*** Begin section ***
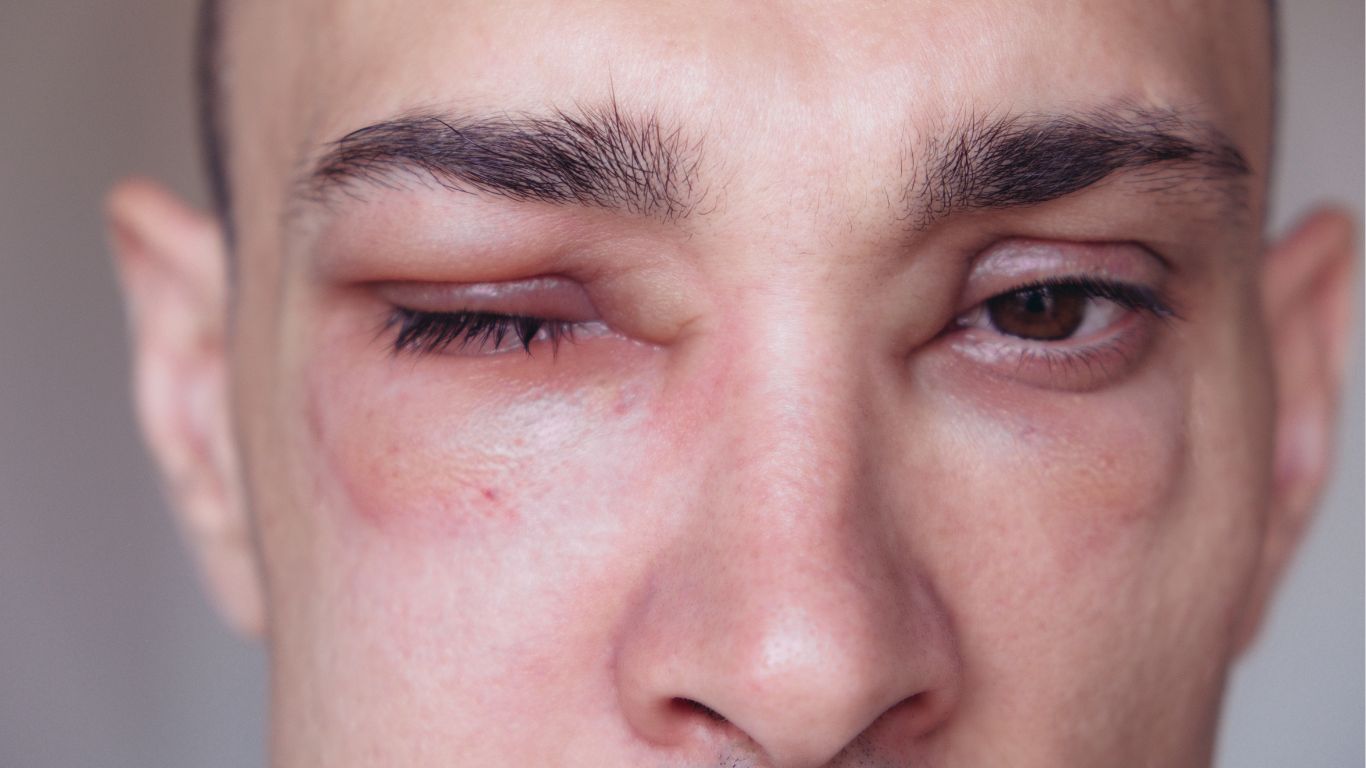 di-ung-khi-tiem-phong-uon-van-nguyen-nhan-va-cach-xu-tri 2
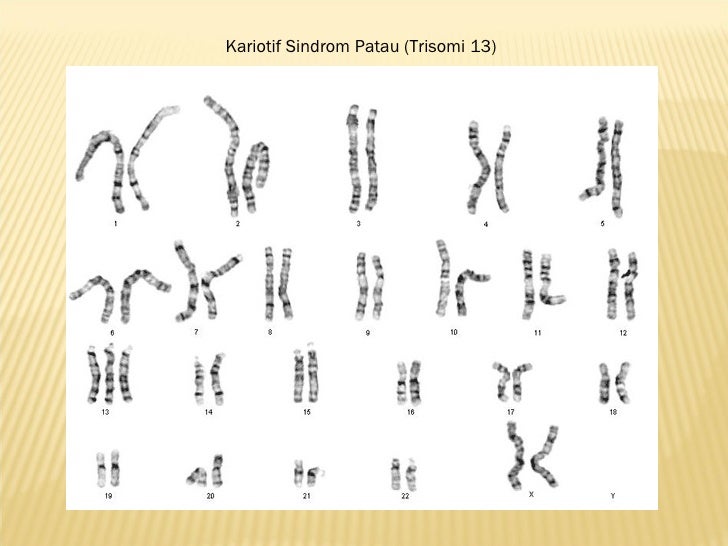 Mengapa Isokromosom Disebut Kebalikan Dari Translokasi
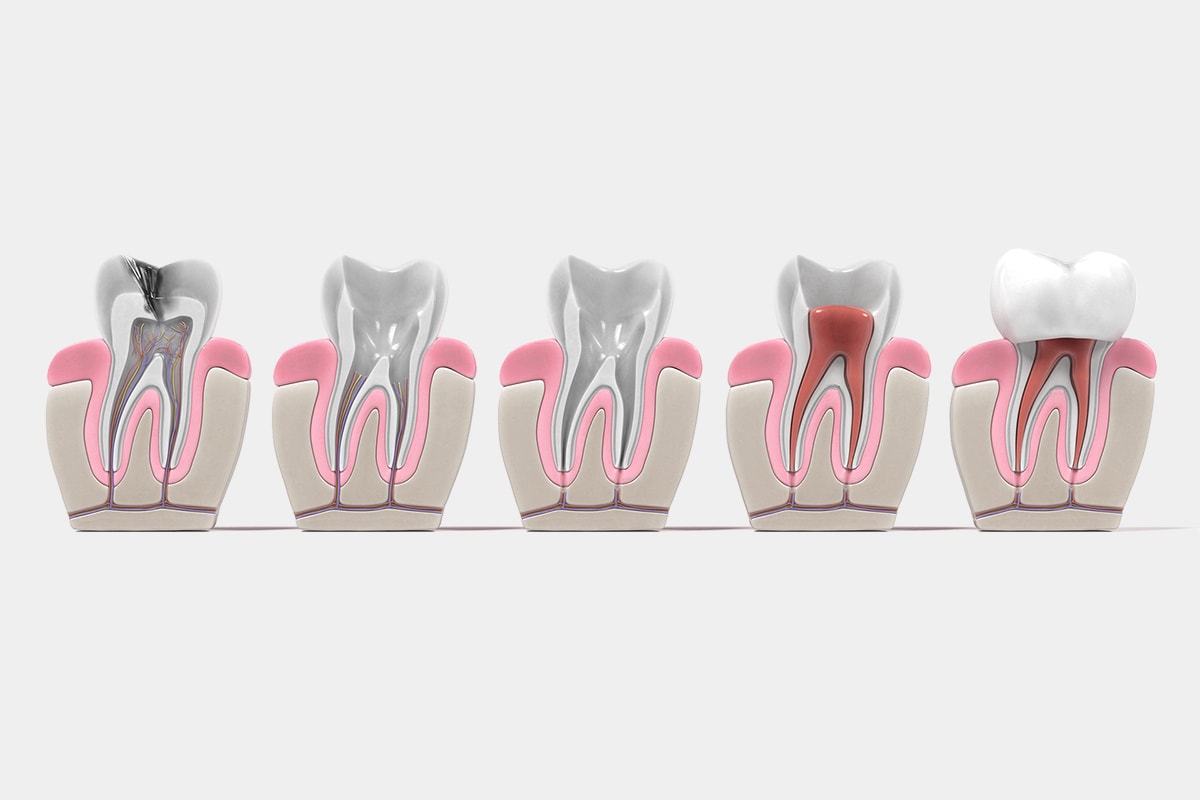 Endodoncia Acerca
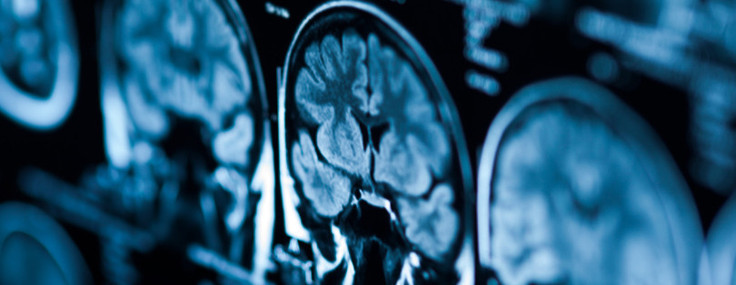 Zihnindeki sesler hayatını kurtardı: Tıp tarihinin en gizemli teşhis hikayesi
*** End section ***
WORK TO COMPLETE: Print the material exactly as given, but not the pictures.

EXERCISE SOLUTION:
 di-ung-khi-tiem-phong-uon-van-nguyen-nhan-va-cach-xu-tri 2
 Mengapa Isokromosom Disebut Kebalikan Dari Translokasi
 Endodoncia Acerca
 Zihnindeki sesler hayatını kurtardı: Tıp tarihinin en gizemli teşhis hikayesi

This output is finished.